The Twilight Zone warned of a climate crisis...in 1961.
The scariest stories are often the ones that could come true.
That’s why so many episodes of Rod Serling’s ‘60s classic anthology series, The Twilight Zone, are remembered and continue to resonate with audiences some 60 years later.
But there’s one story that feels all too real to me, even though the episode aired 35 years before I was born.
The Midnight Sun, which premiered on November 17, 1961, told the story of two women struggling to survive as the world ends. Far from a zombie apocalypse, humanity’s demise would come after the Earth fell out of orbit and started spinning closer to the sun.
The episode opens on what is simultaneously the hottest day in history and the coldest for the rest of time. An artist named Norma is painting as the thermometer in her New York City apartment reaches 110 degrees. She should be getting ready for bed soon. After all, it’s midnight.
"There is no more darkness," Serling narrates in his charming yet frightening voice in the opening act. "The people you’ve just seen have been handed a death sentence."
Everyone in the building—aside from Norma and her building manager, Mrs. Bronson—either left for Canada to find cooler weather or had already died in the month since the Earth fell out of orbit.
With water usage limited to an hour per day and the growing frequency of power outages, there were few, if any, ways to beat the heat.
The water in the world’s oceans was already dried up, preventing the imports and exports of food and water across the globe.
Pouring a cold glass of water, not even a quarter full, Norma had no idea that within a few days she would no longer be able to lean over her windowsill without burning her arms and elbows. She could now only dream of shadows on the sidewalk, the sound of automobiles and the feeling of a drop of rain on her forehead. On the radio, an anchor announced that with no more law enforcement, citizens were on their own to defend themselves against looters.
Fleeing was, in many ways, as dangerous as staying. With fuel shortages leaving many drivers stranded on busy highways, Norma sheltered in place, like many Americans who today would lack the savings to flee their homes in the event of a natural disaster.
By the next day, temperatures reached 120 degrees—or 49 degrees Celsius—and the women were growing weaker. (In 2021, the community of Lytton, B.C., would go on to break the record for the hottest temperature in Canadian history, 49.6 degrees Celsius. More than 800 died over the course of the week-long heat dome on Canada’s west coast.)
The women would soon encounter a man driven by desperation, holding them at gunpoint while he drank and showered himself in the last litre of water in the building. Before running off into the distance, the man, who began coming to his senses after getting some hydration, explained that he lost his wife during childbirth due to the heat, which caused him to lose his mind.

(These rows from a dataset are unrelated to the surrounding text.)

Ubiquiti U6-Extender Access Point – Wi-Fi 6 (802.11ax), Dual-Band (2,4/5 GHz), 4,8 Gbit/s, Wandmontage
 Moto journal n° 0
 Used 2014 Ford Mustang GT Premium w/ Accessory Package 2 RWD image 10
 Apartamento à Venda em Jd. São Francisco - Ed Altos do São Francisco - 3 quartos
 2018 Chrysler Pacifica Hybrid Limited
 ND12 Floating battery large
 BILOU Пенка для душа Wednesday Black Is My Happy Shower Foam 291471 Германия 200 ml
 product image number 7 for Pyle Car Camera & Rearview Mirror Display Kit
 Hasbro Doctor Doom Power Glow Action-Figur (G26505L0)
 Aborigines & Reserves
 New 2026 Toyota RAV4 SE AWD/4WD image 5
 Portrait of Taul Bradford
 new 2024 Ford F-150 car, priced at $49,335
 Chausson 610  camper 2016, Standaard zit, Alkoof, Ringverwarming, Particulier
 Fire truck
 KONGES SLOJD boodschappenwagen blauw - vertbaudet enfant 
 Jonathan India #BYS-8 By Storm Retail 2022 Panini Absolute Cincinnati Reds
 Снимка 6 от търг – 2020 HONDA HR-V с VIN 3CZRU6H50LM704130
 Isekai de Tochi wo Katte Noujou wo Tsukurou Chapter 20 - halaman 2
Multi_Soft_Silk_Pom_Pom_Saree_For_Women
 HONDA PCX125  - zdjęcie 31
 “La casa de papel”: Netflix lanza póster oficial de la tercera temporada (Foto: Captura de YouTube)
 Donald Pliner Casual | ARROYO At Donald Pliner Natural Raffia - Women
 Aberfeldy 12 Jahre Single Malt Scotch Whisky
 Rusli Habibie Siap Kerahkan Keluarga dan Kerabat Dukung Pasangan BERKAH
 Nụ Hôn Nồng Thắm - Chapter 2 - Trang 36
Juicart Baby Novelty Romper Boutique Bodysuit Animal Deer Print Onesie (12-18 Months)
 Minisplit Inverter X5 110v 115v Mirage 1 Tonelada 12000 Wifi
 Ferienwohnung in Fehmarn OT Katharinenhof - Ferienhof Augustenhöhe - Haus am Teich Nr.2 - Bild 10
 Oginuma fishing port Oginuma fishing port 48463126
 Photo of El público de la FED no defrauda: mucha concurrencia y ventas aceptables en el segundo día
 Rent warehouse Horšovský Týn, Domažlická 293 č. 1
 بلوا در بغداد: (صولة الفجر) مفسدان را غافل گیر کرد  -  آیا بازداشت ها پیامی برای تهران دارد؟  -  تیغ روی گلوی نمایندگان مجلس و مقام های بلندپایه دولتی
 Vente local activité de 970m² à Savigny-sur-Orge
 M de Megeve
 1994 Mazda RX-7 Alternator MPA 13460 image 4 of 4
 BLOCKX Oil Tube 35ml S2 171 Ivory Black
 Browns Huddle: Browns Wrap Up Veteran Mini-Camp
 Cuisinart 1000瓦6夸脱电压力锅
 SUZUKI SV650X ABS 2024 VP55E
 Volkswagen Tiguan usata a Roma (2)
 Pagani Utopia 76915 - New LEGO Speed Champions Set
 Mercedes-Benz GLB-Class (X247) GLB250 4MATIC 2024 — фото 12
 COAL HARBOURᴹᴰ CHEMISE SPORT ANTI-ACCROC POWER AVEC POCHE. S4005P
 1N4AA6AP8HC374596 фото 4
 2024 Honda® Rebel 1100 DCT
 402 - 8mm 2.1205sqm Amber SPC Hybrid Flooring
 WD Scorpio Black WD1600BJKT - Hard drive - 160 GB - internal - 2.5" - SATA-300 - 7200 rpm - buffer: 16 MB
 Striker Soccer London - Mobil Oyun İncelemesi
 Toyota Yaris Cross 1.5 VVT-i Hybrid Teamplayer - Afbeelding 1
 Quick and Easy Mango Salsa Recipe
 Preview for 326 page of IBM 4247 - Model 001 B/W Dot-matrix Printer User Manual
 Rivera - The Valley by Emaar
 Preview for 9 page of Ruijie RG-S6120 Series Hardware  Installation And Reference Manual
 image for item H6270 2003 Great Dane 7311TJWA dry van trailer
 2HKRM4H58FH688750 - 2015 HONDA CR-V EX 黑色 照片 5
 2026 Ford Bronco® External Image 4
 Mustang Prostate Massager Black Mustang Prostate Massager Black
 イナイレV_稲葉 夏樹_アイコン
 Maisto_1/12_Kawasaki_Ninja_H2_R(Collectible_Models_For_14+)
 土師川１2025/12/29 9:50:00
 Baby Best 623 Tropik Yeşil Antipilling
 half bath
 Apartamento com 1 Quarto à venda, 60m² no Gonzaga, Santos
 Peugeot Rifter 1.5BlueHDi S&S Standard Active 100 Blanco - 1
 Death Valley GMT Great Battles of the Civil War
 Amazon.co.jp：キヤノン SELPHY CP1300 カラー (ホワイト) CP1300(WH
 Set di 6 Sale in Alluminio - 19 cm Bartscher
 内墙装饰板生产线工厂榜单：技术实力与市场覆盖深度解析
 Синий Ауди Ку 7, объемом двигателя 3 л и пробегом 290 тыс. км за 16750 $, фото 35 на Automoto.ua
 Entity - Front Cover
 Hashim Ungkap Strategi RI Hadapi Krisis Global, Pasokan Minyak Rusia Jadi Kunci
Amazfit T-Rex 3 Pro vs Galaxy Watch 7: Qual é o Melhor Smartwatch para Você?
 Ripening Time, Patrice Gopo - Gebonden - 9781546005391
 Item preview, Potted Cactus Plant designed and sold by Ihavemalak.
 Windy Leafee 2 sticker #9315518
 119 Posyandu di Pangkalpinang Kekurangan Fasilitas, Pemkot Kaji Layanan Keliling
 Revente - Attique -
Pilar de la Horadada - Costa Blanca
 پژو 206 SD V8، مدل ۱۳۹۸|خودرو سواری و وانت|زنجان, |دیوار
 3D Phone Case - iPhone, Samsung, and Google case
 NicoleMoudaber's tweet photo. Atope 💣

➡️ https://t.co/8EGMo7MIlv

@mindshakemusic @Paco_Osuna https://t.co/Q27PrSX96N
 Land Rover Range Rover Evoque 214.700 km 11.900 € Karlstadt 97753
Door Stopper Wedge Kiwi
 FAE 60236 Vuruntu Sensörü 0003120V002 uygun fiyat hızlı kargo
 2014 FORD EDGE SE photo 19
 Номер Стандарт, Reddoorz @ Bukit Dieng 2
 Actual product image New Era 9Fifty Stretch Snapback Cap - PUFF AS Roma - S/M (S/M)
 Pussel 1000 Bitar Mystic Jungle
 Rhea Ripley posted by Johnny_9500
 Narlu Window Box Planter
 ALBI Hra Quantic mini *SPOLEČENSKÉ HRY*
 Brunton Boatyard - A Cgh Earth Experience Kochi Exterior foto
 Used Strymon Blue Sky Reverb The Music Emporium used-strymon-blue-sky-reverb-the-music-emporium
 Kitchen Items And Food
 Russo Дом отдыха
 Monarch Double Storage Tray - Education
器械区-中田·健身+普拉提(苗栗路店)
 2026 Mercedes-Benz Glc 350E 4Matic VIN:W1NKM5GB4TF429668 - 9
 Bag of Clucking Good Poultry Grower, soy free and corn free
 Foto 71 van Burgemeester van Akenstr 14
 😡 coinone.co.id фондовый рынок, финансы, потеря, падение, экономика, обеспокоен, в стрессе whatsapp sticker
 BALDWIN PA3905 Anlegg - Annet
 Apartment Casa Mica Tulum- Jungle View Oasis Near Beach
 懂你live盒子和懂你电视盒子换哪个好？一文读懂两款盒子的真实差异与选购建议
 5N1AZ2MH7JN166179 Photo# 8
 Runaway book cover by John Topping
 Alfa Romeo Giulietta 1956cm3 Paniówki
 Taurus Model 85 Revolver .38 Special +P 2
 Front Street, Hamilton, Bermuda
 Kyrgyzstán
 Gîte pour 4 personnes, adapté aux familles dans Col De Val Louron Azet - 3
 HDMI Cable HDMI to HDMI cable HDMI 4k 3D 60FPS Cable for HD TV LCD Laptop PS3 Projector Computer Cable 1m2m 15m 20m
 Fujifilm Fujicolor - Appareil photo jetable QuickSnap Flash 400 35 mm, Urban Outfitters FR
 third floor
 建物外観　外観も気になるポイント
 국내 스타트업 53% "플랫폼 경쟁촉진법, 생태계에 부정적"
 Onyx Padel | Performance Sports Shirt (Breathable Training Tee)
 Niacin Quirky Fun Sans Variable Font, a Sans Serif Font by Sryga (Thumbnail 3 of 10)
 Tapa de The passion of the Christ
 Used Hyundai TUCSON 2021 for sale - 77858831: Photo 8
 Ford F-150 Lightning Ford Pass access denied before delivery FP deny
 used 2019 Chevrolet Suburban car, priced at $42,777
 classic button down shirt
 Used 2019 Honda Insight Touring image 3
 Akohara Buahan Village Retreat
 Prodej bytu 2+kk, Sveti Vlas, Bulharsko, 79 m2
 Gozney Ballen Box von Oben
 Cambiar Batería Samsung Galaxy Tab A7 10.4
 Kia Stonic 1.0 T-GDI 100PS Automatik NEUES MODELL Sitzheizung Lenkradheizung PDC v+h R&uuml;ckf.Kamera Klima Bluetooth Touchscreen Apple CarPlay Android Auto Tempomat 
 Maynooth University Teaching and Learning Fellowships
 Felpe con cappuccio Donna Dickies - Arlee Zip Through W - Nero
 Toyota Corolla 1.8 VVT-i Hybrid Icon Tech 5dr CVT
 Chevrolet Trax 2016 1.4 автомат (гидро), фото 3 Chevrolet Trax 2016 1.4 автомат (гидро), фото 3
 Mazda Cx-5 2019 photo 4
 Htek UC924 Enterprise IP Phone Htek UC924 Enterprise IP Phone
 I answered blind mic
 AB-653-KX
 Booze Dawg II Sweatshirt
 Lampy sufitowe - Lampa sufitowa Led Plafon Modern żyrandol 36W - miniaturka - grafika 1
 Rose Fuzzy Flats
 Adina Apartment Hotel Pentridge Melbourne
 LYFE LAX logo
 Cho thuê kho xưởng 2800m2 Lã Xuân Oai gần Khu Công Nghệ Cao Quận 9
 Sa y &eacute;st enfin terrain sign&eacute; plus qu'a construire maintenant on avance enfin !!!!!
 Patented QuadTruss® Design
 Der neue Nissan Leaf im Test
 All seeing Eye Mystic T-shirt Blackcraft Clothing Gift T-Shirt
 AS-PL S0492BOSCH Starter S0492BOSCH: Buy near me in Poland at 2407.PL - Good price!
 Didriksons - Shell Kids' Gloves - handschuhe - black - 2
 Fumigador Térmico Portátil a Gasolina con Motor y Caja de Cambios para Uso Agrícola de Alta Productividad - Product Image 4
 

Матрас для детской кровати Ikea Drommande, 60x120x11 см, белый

The extreme heat would continue to cause confusion, uncertainty, fear, brain fog, fatigue, irritation, anxiety, and paranoia.
"Norma, what if it shuts off and never comes back on again?" Mrs. Bronson asks about the electricity that is being turned on for shorter durations each day. "It will get so much worse."
As the temperature surpasses 130 degrees (54 degrees Celsius), Mrs. Bronson becomes delirious and ultimately dies from heat stroke. The thermometer on the wall shatters as Norma’s oil paintings begin to melt.
But when Norma collapses and it appears she has succumbed to the heat, she’s awoken by a doctor. Her nightmare of the oceans drying up and the Earth overheating was nothing but a fever dream...mostly.
Earth was in fact spinning out of orbit, but in reality, it was spinning away from the sun. There is a blizzard outside, there is no more daylight, and each day brings with it a new record-low temperature. Norma won’t burn up. Instead, she’ll freeze to death.
"The poles of fear, the extremes of how the Earth might conceivably be doomed," Serling says in his closing narration. "Minor exercise in the care and feeding of a nightmare, respectfully submitted by all the thermometer-watchers—in the Twilight Zone."
As the frequency of natural disasters and extreme heat events grows, the story of The Midnight Sun becomes all the more real for people across the globe. While Norma and Mrs. Bronson could lament the fact that their impending deaths were out of their hands, the cause of the climate crisis facing humankind in 2022 is much the opposite.